There's not a thing on my calendar today, which feels so luxurious -- no need to watch the clock, worry about missing an appointment or showing up for something on the wrong day. After a nicely balanced breakfast, I put up some eggs to hard-boil, and came out to the computer -- without getting dressed! -- to check email and play Freecell. I was trying for a perfect record to show you (but you can see I lost it on the fourth round) and idly thinking about what Mother said years ago, and how my neighbor at the seniors lunch said the exact same thing "Lately I can only do one thing a day." I mentally checked off the few things I do these days -- no laundry needed yet, groceries holding out, bird feeders filled, column sent off up to date. I was thinking it probably isn't good for me not to have at least one thing to do and -- wait a minute! what's that smell? Long-time readers of this blog already know what it is. I don't think I've told you about every occurance, but it happens at least once a year.
"But didn't you attach a timer to your rollator?" "Yes, but then I have to remember to set the timer." And I can't really afford to throw out any more pots -- this time I'll have to scrub. It's the bits on the floor that pose the most problem -- no way I can bend down to use a dustpan. Vacuum is out of the question. Will they carpet-sweep up or are they too sticky? And the cleaning lady won't be here till Tuesday.
This last bit is way out in the front hall -- that's the livingroom carpet on the right. This, at least, I can pick up with the grabber.
Rather than face the problem, I took the pictures and came out here to tell you about it. Still not dressed. Have a nice day!
Okay, I give up on that little squirrel. It's your standard Red Squirrel and I just never saw one here before. Also I don't see how they're allowed to call these feeders squirrel-proof. Those peanuts are $3.95 a pound in Wegman's.
No question the world has been shrinking -- no more shopping except for groceries (where there are fine shopping carts for support; people leave them for each other at the handicap parking spaces), no more concerts, no lectures, no swimming never mind no scuba, no travel -- no leaving town -- etc etc. So I get my excitement from the view at this desk chair, all day. You can't really tell from here, but I watch about a full acre of suburban back lawns, with a thin strip of woods behind. And this morning -- an exciting mystery!!

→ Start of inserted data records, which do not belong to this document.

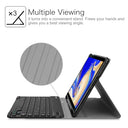 Fintie - Slim Bluetooth Keyboard Case for Samsung Galaxy Tab S4 10.5, Type-C Charging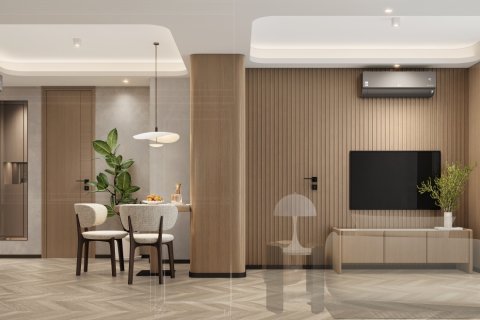 คอนโดมิเนียมในพัทยา, ประเทศไทย, 1 ห้องนอน № 233692 - รูปถ่าย 3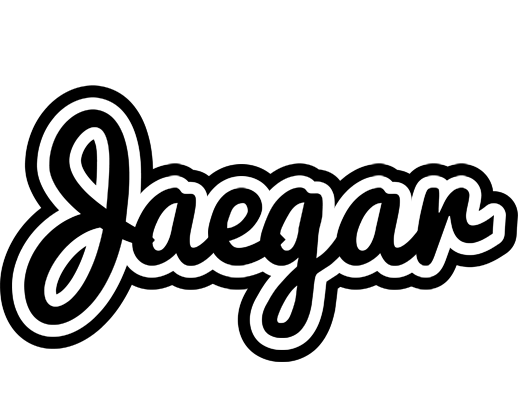 Jaegar chess logo
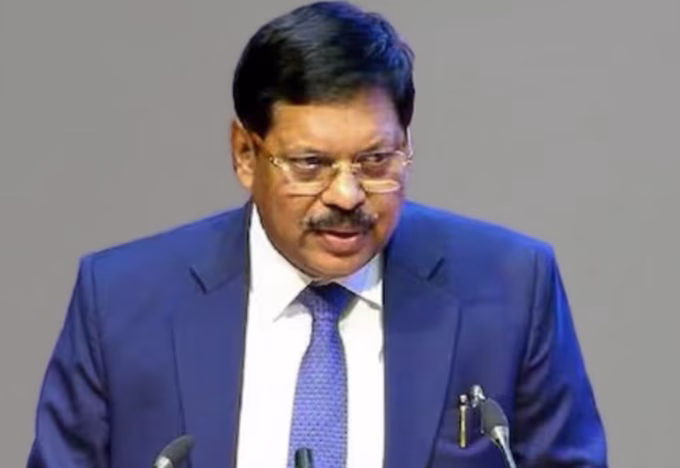 BR Gavai Addresses Students on Culture and Justice at UP College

You can see it for yourself -- I could, the minute I sat down here. Directly up from that square suet feeder, right below the overhang -- here, I'll give you a closeup.
Now where on earth did that ribbon come from? How did it get looped up in the stump of the old willow?
That's the tree that I had them amputate a few years ago when some of it fell on this office -- see earlier blogs. And come to think of it, was it only a few years ago that I was able to walk way out back and take pictures?
Well, you take your excitement where you can find it!